At board level you are expected to have a broad range of skills and experience, and a high level of awareness of current affairs.
CPD covers a wide range of activities from reading a national paper and monitoring TV and radio news to attending formal courses.
Your CPD objectives can include generally developing your skills, keeping up to date with developments and targeting specific new skills and competences.
CPD is a personal journey owned and managed by you. Most professional institutions have CPD requirements, expecting you to undertake up to 30 hours CPD every year.
CPD schemes normally work on the basis of collecting points, related to the time devoted to the learning. For an activity to count towards CPD points it must be relevant to your career, contain significant intellectual or practical content and have a clear learning objective and outcome.
Many workshops and events for professionals advertise the relevant points that can be earned and might even provide a certificate of attendance/completion as evidence.
Schemes are normally trust-based but you do need to keep a record.
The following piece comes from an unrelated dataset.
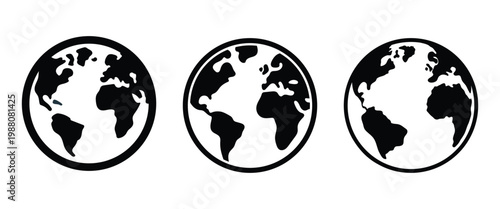 Earth Globe Icon Set – World Map, Global Planet & International Vector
The CPD Programme for Governance Professionals includes a personal study planner and log for you to do this, which also provides a structure for creating an effective personal development plan and following it throughout a twelve month period.
Your professional development plan should involve a mix of general and strategic objectives, and a mix of different types of activity. These typically include:
Reading:
- Books
- Newspapers and magazines, including The Economist
- Specialist media such as the Harvard Business Review and professional journals
- Newsletters and blogs
Courses:
- Self-study programmes, online or DVDs
- Live workshopsShort courses
- Professional education courses leading to relevant qualifications
Events:
- Networking event talks (not including social time)
- Conferences and exhibitions
- Webinars and podcasts
- Study visits
Activities:
- Planning/research for an article or presentation in relation to business, economics, corporate governance or other subjects for the public benefit
- Providing coaching or mentoring
- Membership of a committee or working party of a professional institution, trade association etc.
The UK Institute of Directors recommends that you plan your development programme in advance, and over a reasonable period, say two years, in terms of what you wish to achieve, and the steps that you will take to do so. They suggest three questions to consider when completing your CPD record:
- How relevant was the learning to your career?
- Can you state how you will use that learning?
- Can you provide evidence of having undertaken specific learning activities?
The Chartered Management Institute recommends using all four styles in a cycle:
- Reflection – What are my needs or objectives?
- Planning – What am I going to do?
- Evaluation – What have I learned?
- Action – What have I done?
In addition, you should include a revision cycle in which you review recent learnings two or three times to mitigate the natural loss of memory with time; perhaps review recent entries each time you update your CPD record.
The purpose of your CPD activity is to develop your knowledge, skills, attitudes and behaviours. This is where reflection is so important. Many people find that a daily journaling session is valuable and rewarding.